But the massive anticipation for and buzz that accompanied Prometheus seemed to be tapping into something else as well that genre fans have long been deprived of. In the past few years, interesting (if far from great) science-fiction films like Duncan Jones’s Moon and Danny Boyle’s Sunshine have been relegated to limited release while action film franchises ranging from Transformers to The Avengers (which, technically, incorporate subjects such as space and aliens) to whatever Cowboys & Aliens was pass as the closest thing that wide-release cinema comes to affirming science-fiction’s central subjects, except without fresh ideas or an earnest sense of wonder. It’s clear that we were hungry.

The Legacy of Alien

Prometheus was not a simple prequel or franchise re-launch. In other words, it wasn’t set up to simply be a continuation of Alien, either narratively or in terms of what we expect based on the film that first made Ridley Scott’s name. While Alien by all means deserves its prominent place in the history of the genre, that film’s legacy has grown far more expansive that the 1979 film alone. And the problem with Prometheus (and what was perhaps what inspired such intense anticipation) was the film seemed hell bent on rekindling Alien’s legacy, prominence, reputation, and all of the associations that the genre classic brings up rather than simply Alien itself.

On the one hand, Prometheus delivers all the anticipated beats of Alien (and some from Aliens). The film contains an ostensibly Ripleyesque final girl, a robot that will inevitably show its man-made innards, and a ragtag group of scientists, capitalists, and crew members. On the other hand, Prometheus overtly addresses questions about the origins of humanity’s existence and man’s reasons for being. As John Gholson astutely pointed out in his comparison of critical reactions to the existential conundrums raised both by Prometheus and Scott’s other sci-fi classic Blade Runner, such questions fit within the genre universe constructed by Scott, but not specifically with Alien itself.
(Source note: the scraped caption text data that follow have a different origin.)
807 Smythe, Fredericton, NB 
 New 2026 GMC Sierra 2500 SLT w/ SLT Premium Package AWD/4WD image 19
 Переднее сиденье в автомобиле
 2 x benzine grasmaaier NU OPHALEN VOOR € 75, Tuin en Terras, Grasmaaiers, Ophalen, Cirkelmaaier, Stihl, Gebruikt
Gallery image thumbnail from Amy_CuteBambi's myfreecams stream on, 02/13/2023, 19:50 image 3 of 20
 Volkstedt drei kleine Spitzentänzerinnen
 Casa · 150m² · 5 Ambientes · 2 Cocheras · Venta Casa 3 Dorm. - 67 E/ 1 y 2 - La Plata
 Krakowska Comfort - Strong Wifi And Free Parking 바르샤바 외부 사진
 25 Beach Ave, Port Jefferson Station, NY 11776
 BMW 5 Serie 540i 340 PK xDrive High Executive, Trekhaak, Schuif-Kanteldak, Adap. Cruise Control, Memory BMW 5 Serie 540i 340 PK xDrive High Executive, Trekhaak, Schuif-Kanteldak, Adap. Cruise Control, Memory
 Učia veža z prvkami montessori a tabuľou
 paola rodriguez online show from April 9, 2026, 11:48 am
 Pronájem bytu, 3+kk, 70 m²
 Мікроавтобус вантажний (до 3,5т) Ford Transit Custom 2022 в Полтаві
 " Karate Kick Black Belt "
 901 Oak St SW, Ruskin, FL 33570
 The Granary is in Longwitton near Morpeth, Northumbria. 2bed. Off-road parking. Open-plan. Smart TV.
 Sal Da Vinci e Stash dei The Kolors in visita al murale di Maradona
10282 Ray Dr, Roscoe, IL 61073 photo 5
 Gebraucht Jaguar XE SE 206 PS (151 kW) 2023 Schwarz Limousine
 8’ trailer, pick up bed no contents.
As Scott himself states in his DVD commentary, Alien was intended as little more than a sleek, polished exercise in genre: Jaws in space, but with the artistry of 2001. Scott’s horror/sci-fi hybrid is still celebrated today because it works so damn well as both an exercise in genre and in its assured aesthetic presentation. After over thirty years, Alien is still visually stunning, tonally intoxicating, and scary as hell. Alien is masterful filmmaking, but it’s not (at least, not decidedly) a thinkpiece; it doesn’t beg the same questions as Prometheus or Blade Runner. This is not to say that depth cannot be read into the original Alien, or that the fact that the film is “only” a genre exercise somehow reduces its value – as Slate recently illustrated, something of an intellectual tradition has developed from the franchise.

Even outside of the poetry and rumination of Scott’s 1982 non-Alien-related science-fiction classic, the post-Scott Alien franchise developed a tradition of cultural, if not philosophical, commentary. James Cameron’s Aliens indulged in much of the allegory that science-fiction often provides a potent framework for: the relationship between the automaton Bishop and the all-too-human Ripley elicits a discussion of identity politics and prejudice, Ripley herself is portrayed as a feminist heroine even more strongly than in the first film, and Aliens’s action movie hook – while on the surface resembling the excessive and meat-headed Schwarzenegger/Stallone films of the 80s – is used as a Vietnam allegory that counters the nationalist ideology expressed in most 80s action films. Similarly, David Fincher’s ill-fated Alien 3 was originally envisioned as an ideological battle between corporate and socialist politics.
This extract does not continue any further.